Youssef M. Karaki, is an industrialist and a businessman of Lebanese nationality, who was born in 1926, during the period of the British and French mandate of Lebanon - 1920/1943 -

He grew up in a family who owned and run a bakery in Beirut, in the Mouseitebee district, where at that time kneading and laminating the dough were all done by hands.


Youssef Karaki 1995

Also at that time education was a privilege, so he acquired his education and industrial skills the hard way.

He started a career at a very young age working for the British army, in Beirut, doing minor jobs and then ended up winning the sympathy of his lieutenants, where they allowed him to work in their workshops. There he learned the different techniques of welding turning lathes and two new foreign languages.


In the late forties he started his own small workshop in partnership with a colleague, Mohammed al-Halabi - who is a well known businessman in Lebanon and Saudi Arabia - doing mainly mechanical repairs and services. Though the partnership held for a couple of years.


Beirut - 1951

At that period his industrial skills were showing up, and he decided to exploit his experience into something he thought was useful. Of course he first thought of his family where he knew the agony that his father encountered every workday to make the bread.

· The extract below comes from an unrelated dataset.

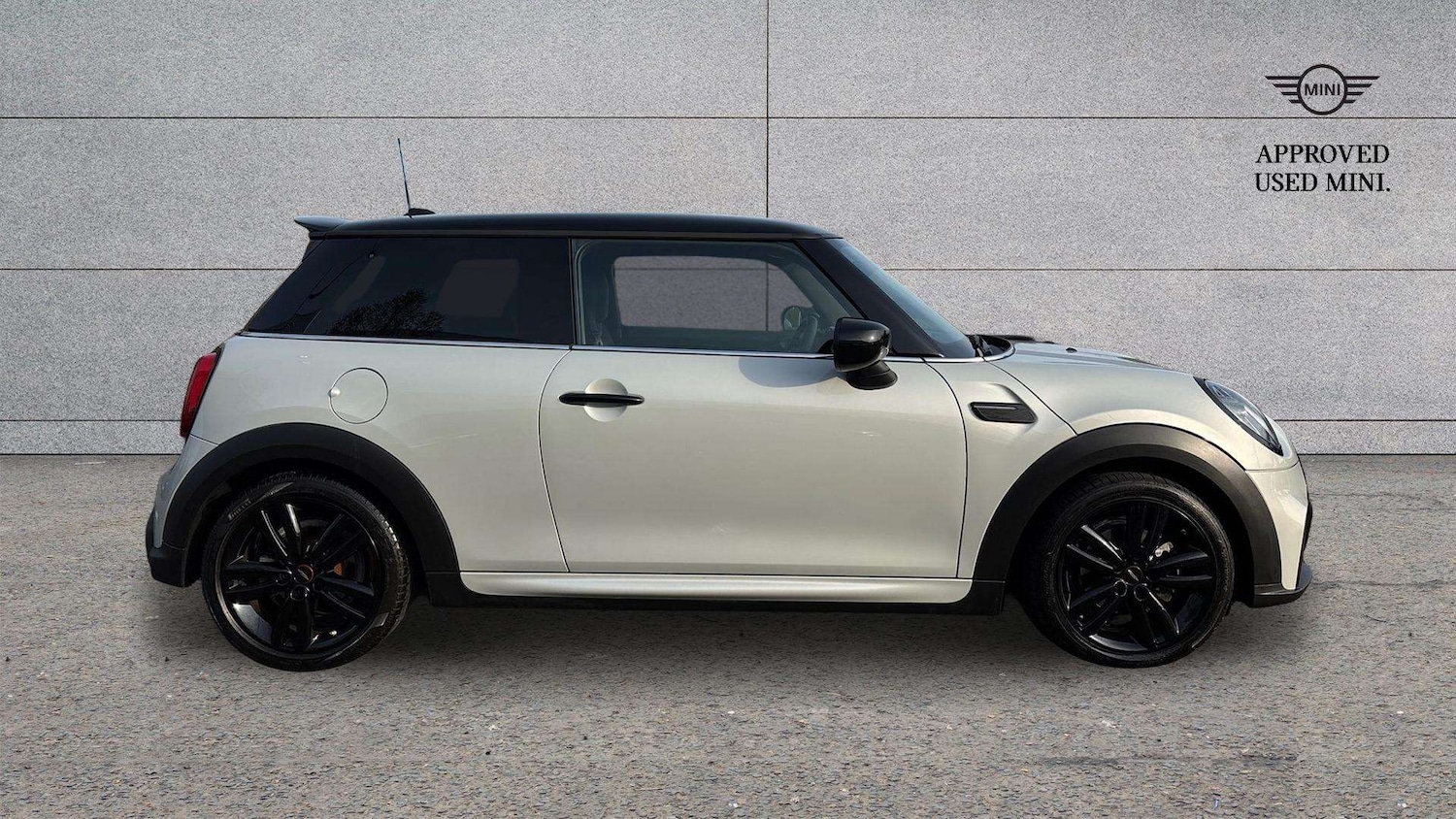 Used MINI Hatch 2022 for sale - 77972556: Photo 4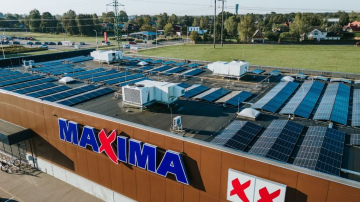 “Maxima Latvija” investē 200 000 eiro 2 jaunu saules elektrostaciju izveidē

So it was natural for him to temper with any machine that had something to do with bread. From here his love relationship has started with bakery equipment.

He was able to produce his first dough sheeter, and most probably Lebanon's first, in mid fifties.


Beirut - 1956

Of course at the time it was an achievement for himself and his family: Well, an achievement is not always a success story, because the Lebanese baker did not accept the machine at first.

So every time he sold a dough sheeter he had to go and stay with it at the client site for as long as the job needed, in the same time making whatever necessary changes to make the machine more functional.

Finally the sheeter was acceptable and won him in the sixties and the seventies, an unchallenged reputation for being the dough sheeter man of Lebanon.

He got married in 1958 and till then his only income was from either mechanical repairs or very small-scale manufacturing.

In 1960 he officially registered his workshop as Youssef Karaki establishment for industry and commerce.


He created a new factory in Beirut in the port district with a work force of more than seven people, and a small showroom in the Saifi district with a work force of two people.


Beirut - 1962

Although hardly went to school he was a good reader and writer with beautiful handwriting. As we mentioned earlier, his knowledge to some foreign languages, facilitated his accession of better understanding of the industrial process through his first trip to Europe in 1964 which also led to buying some bakery machinery most needed on the Lebanese and Arab markets.

In 1965 he introduced his new Arab dough divider with a great success. Also in that period his trips to Europe were more frequent because he discovered that by selling finished European goods was, financially, far more rewarding than manufacturing them.


Though his love to manufacturing was too great to be subdued. In 1967 he was working on a design to manufacture an automatic line, for the production of the Lebanese bread, starting from the automatic dividing of dough through the final bread baking process.


Khaldeh Exhibition 1967

As his wife mentions; a design that left him sleepless many nights. At that period his success was at its peak, his workshop was working two shifts and commercially, the then hungry Arab markets, were buying so heavily that he couldn't keep any of the imported European machines in stock.

In 1969 he was to make his greatest leap in the industry and to enter the world of famous. On March 5th 1969 his prototype, for the automatic line of Lebanese bread, was about to be ready for testing where Mr. Karaki was working on joining the ends of two plastic conveyor belts using the heat supplied by a steam generator. Unfortunately the steam generator blew up - due to a faulty release valve - and a chunk of metal hit him in the face causing the complete loss of one of his eyes.

He stayed one complete year at the American University Hospital undergoing a series of operations in order to save his other eyesight, and another year at home for additional recovery. After this sorrowful event he was never able to see normally nor able to drive a car.

In 1969 his only two sons, Mohammed and Rabih' were ten and five years old. Definitely the 1969-1971 period was neither a happy nor an easy one for the karaki family. With the help of his wife and his faithful friends in Lebanon and overseas he managed to keep the establishment running and even surviving the most punishing years of the Lebanese civil war 1975-1990.

Now that he has retired from a long struggle fighting for a better life for his family, society and country definitely he has won the respect of his family friends and competitors alike. Though the establishment he has created is far from retired and shall always be walking on the footsteps of its founder determined to be up to the challenge carrying out the sacred mission.

To follow more accurately today's developments and enhance possible future growth. The formal structure of Youssef Karaki establishment has evolved into a new company whose name is:
Karaki for Industry and Trading s.a.r.l.